(Records from a data collection)
#####

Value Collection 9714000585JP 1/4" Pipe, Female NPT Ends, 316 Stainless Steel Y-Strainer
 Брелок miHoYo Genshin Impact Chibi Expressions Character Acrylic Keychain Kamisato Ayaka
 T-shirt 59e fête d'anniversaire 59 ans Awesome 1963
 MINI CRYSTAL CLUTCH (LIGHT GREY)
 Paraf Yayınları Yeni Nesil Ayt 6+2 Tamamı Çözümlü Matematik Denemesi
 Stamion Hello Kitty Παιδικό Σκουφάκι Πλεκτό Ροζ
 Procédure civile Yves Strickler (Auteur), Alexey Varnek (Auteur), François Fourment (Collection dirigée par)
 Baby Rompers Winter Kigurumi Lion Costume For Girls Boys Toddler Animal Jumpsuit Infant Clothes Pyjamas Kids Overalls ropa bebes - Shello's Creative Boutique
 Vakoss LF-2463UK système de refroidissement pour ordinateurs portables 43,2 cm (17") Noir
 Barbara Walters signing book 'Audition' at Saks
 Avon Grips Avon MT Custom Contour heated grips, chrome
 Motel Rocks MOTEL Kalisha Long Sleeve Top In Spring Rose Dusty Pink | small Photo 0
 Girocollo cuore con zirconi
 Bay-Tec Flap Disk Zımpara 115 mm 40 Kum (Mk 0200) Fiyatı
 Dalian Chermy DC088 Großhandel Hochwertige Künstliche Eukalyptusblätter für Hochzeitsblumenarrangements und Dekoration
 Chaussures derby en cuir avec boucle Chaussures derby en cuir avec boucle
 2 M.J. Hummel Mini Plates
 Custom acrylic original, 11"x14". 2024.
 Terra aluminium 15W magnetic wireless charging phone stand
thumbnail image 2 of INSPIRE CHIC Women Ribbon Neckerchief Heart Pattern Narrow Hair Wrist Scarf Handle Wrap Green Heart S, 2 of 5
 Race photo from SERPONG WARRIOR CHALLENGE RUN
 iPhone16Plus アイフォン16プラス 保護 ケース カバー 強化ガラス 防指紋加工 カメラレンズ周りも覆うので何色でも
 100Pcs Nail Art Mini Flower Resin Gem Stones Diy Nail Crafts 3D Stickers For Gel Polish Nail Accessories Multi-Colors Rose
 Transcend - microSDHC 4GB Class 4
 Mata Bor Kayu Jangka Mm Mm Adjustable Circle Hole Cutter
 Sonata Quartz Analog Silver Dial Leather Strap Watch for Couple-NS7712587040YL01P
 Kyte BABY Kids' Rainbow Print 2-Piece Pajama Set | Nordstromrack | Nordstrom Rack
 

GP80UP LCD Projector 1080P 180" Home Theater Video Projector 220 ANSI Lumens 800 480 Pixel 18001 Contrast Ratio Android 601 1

#####

■ **What is needed**
All the records above must be transcribed without a single change to any word.

■ **Answer section**
Value Collection 9714000585JP 1/4" Pipe, Female NPT Ends, 316 Stainless Steel Y-Strainer
 Брелок miHoYo Genshin Impact Chibi Expressions Character Acrylic Keychain Kamisato Ayaka
 T-shirt 59e fête d'anniversaire 59 ans Awesome 1963
 MINI CRYSTAL CLUTCH (LIGHT GREY)
 Paraf Yayınları Yeni Nesil Ayt 6+2 Tamamı Çözümlü Matematik Denemesi
 Stamion Hello Kitty Παιδικό Σκουφάκι Πλεκτό Ροζ
 Procédure civile Yves Strickler (Auteur), Alexey Varnek (Auteur), François Fourment (Collection dirigée par)
 Baby Rompers Winter Kigurumi Lion Costume For Girls Boys Toddler Animal Jumpsuit Infant Clothes Pyjamas Kids Overalls ropa bebes - Shello's Creative Boutique
 Vakoss LF-2463UK système de refroidissement pour ordinateurs portables 43,2 cm (17") Noir
 Barbara Walters signing book 'Audition' at Saks
 Avon Grips Avon MT Custom Contour heated grips, chrome
 Motel Rocks MOTEL Kalisha Long Sleeve Top In Spring Rose Dusty Pink | small Photo 0
 Girocollo cuore con zirconi
 Bay-Tec Flap Disk Zımpara 115 mm 40 Kum (Mk 0200) Fiyatı
 Dalian Chermy DC088 Großhandel Hochwertige Künstliche Eukalyptusblätter für Hochzeitsblumenarrangements und Dekoration
 Chaussures derby en cuir avec boucle Chaussures derby en cuir avec boucle
 2 M.J. Hummel Mini Plates
 Custom acrylic original, 11"x14". 2024.
 Terra aluminium 15W magnetic wireless charging phone stand
thumbnail image 2 of INSPIRE CHIC Women Ribbon Neckerchief Heart Pattern Narrow Hair Wrist Scarf Handle Wrap Green Heart S, 2 of 5
 Race photo from SERPONG WARRIOR CHALLENGE RUN
 iPhone16Plus アイフォン16プラス 保護 ケース カバー 強化ガラス 防指紋加工 カメラレンズ周りも覆うので何色でも
 100Pcs Nail Art Mini Flower Resin Gem Stones Diy Nail Crafts 3D Stickers For Gel Polish Nail Accessories Multi-Colors Rose
 Transcend - microSDHC 4GB Class 4
 Mata Bor Kayu Jangka Mm Mm Adjustable Circle Hole Cutter
 Sonata Quartz Analog Silver Dial Leather Strap Watch for Couple-NS7712587040YL01P
 Kyte BABY Kids' Rainbow Print 2-Piece Pajama Set | Nordstromrack | Nordstrom Rack
 

GP80UP LCD Projector 1080P 180" Home Theater Video Projector 220 ANSI Lumens 800 480 Pixel 18001 Contrast Ratio Android 601 1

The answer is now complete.